市川レポート(No.87) 国債利回りの上昇をどう考えるか

  • 世界的な国債利回りの上昇は、4月末と同様ドイツとユーロ圏のCPIがきっかけに。
  • ユーロ圏の利回り上昇は、行き過ぎて低下した水準を修正する動き。
  • 良好な経済指標を背景とする利回り上昇は合理的であり、過度な懸念は不要。

 

世界的な国債利回りの上昇は、4月末と同様ドイツとユーロ圏のCPIがきっかけに

 4月末から5月中旬にかけて世界的に国債利回りが上昇する動きが強まりました。きっかけはドイツとユーロ圏の4月消費者物価指数(CPI)速報値でした。いずれも前年比の伸びが改善し、過度なデフレ懸念が後退したことで、ドイツなどの株式や国債を買ってユーロを売る、いわゆる量的緩和(QE)トレードの巻き戻しが発生しました。それに伴うユーロ加盟国の国債売りが他国に波及し、世界的な利回り上昇につながったと思われます。その後はいったん落ち着いたものの、6月に入ると再び欧州発の世界的な国債利回りの上昇が顕著となりました。きっかけは同じくドイツとユーロ圏のCPI、5月速報値でした。  

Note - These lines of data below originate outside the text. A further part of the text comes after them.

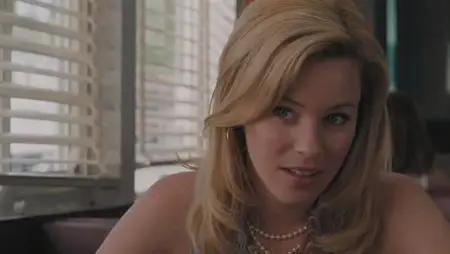 The Uninvited (2009) - HDRip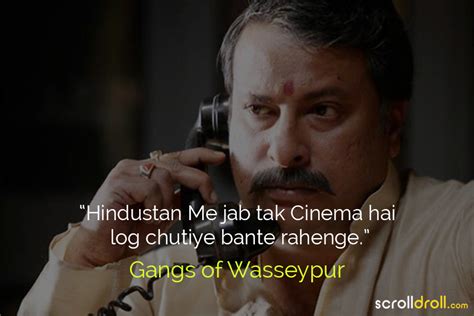 20 Best Gangs Of Wasseypur Dialogues That Make It A 'Cult'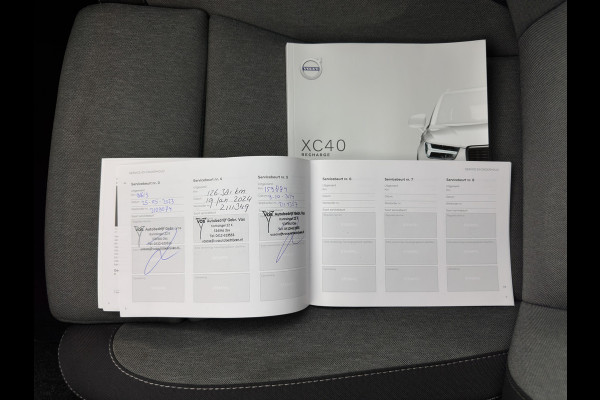 Volvo XC40 1.5 T5 Recharge Business Pro ( PLUG-IN ) (INCL-BTW) *AUT | NAVI-FULLMAP | DIGI-COCKPIT | CLIMA | KEYLESS | DAB | HEATED-SPORTSEATS | FULL-LED | ADAPTIVE-CRUISE | CAMERA | 18'' ALU*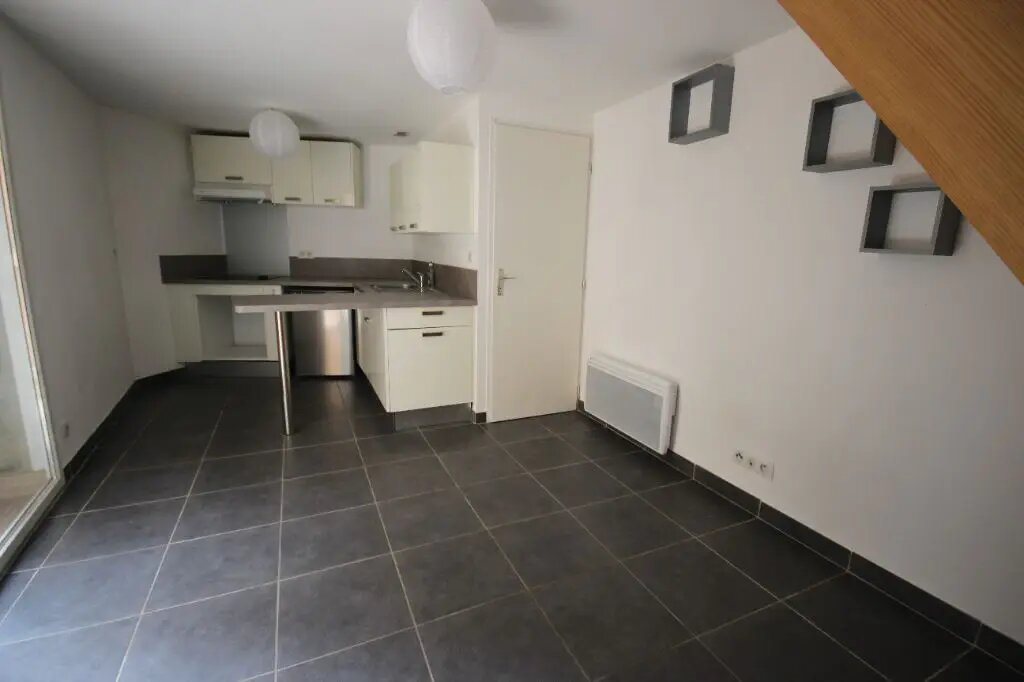 Appartement à louer, 32m², Salies-de-Béarn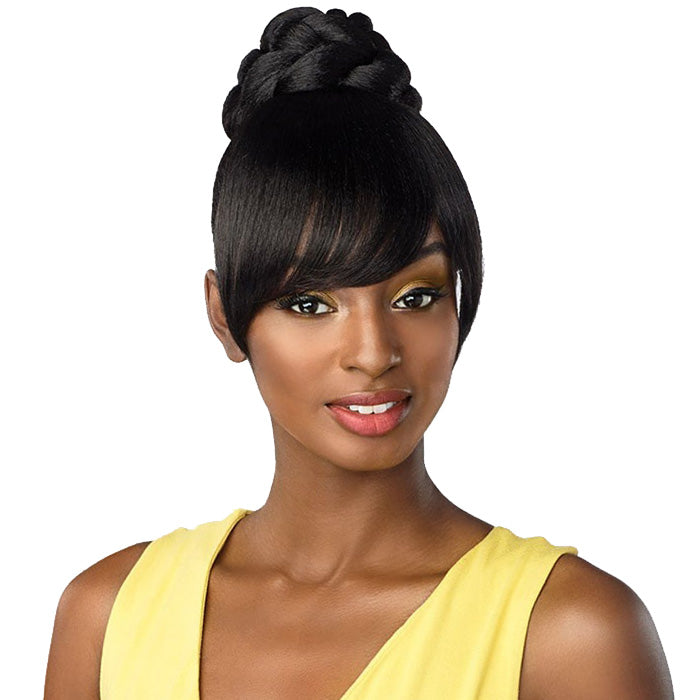 Sensationnel Instant Bun with Bang - GIA
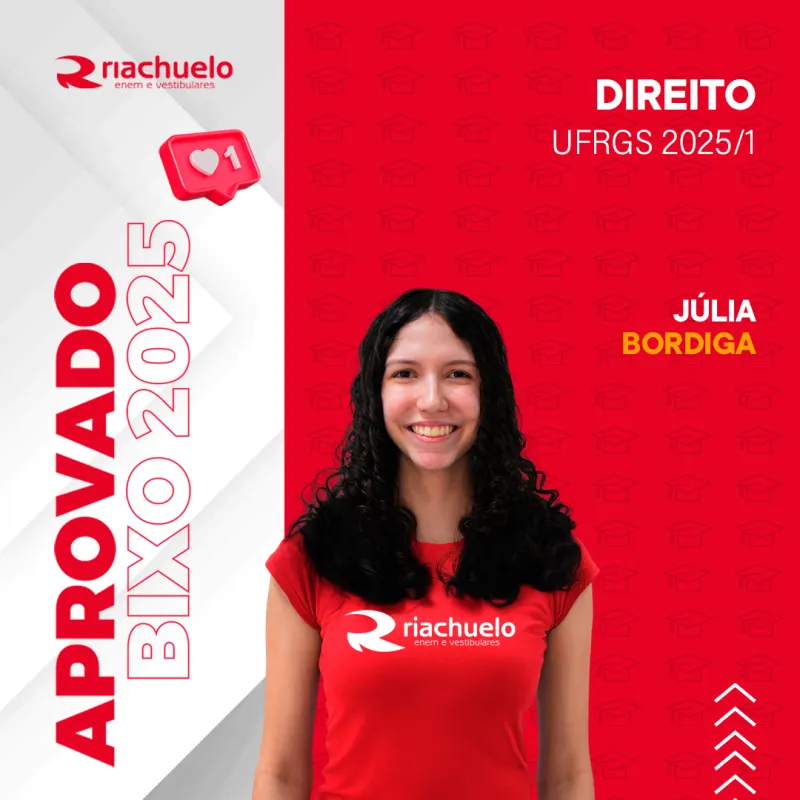 Direito / 1º Semestre / 2025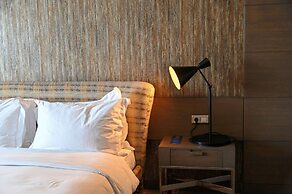 Radisson Blu Hotel, Abidjan Airport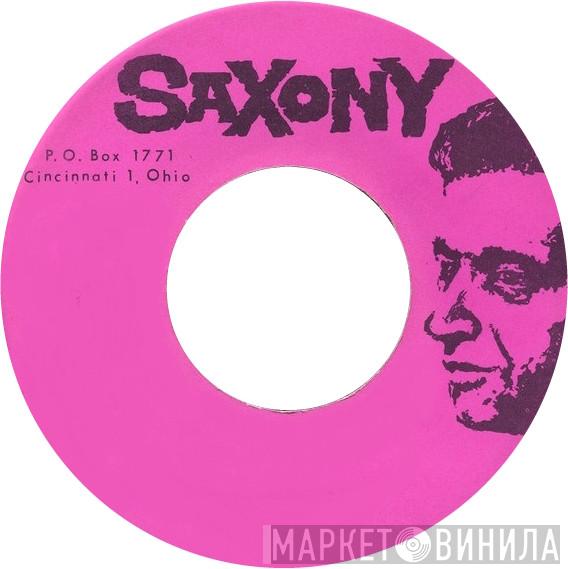 Saxony - Винил CD и Кассеты лейбла Saxony на сайте МаркетВинила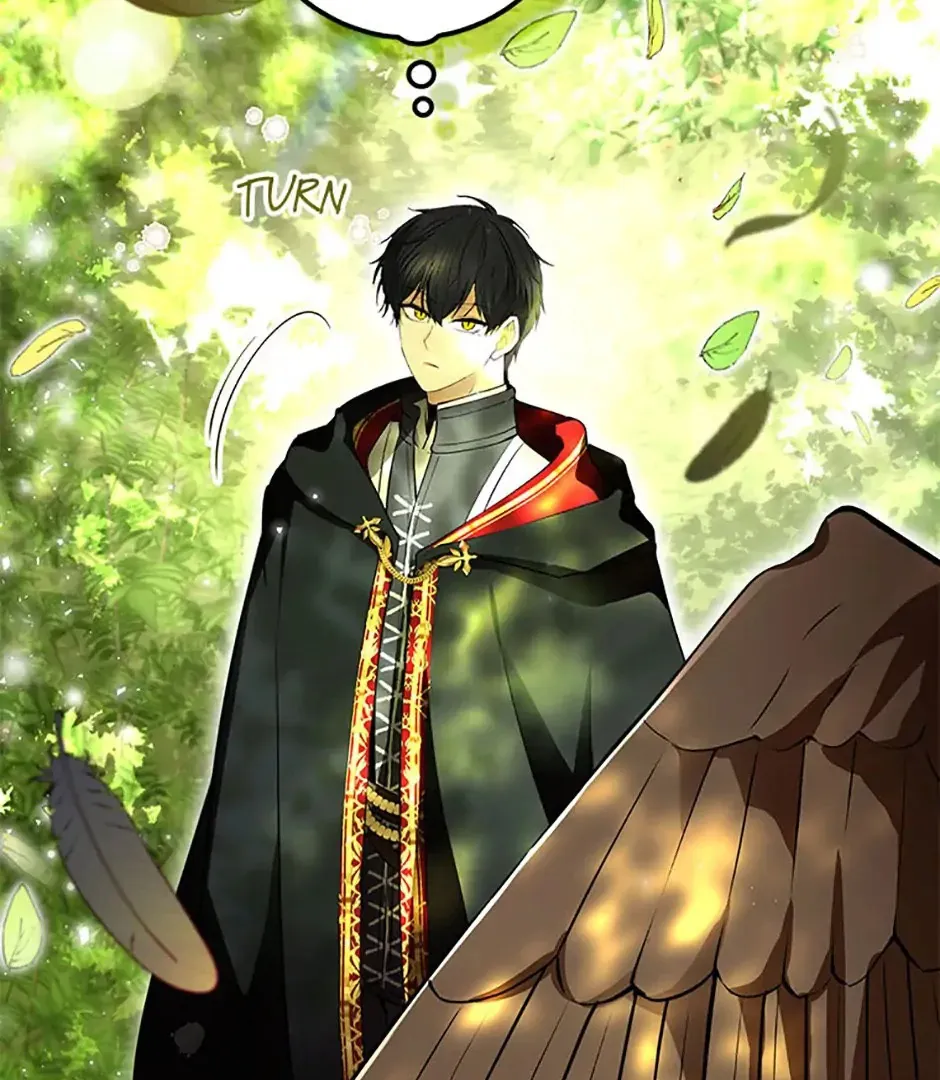 Read Talented Baby Squirrel FR Manga Online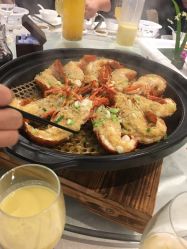 -晋江爱乐国际酒店·宴会厅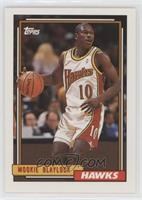 Mookie Blaylock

ユーロ圏の利回り上昇は、行き過ぎて低下した水準を修正する動き

 ドイツとユーロ圏のCPIの動きをみると確かに伸び率は改善しており(図表1)、一部には欧州中央銀行がQEを早期に終了するのではないかとの見方も浮上しましたが、これはやや行き過ぎと思われます。CPIの伸びが改善したといっても、欧州中央銀行(ECB)が設定する物価安定の数値的定義(CPIの前年比上昇率で2%未満だがその近辺)にはまだほど遠い水準にあります。また2年国債など期間の短い国債の多くが依然マイナス利回りであることから、QEに関する政策変更が見込まれている訳ではありません。さらにドラギ総裁自身が、6月3日のECB理事会後の定例会見において、QEは計画通りに完全実施する必要があると強調しています。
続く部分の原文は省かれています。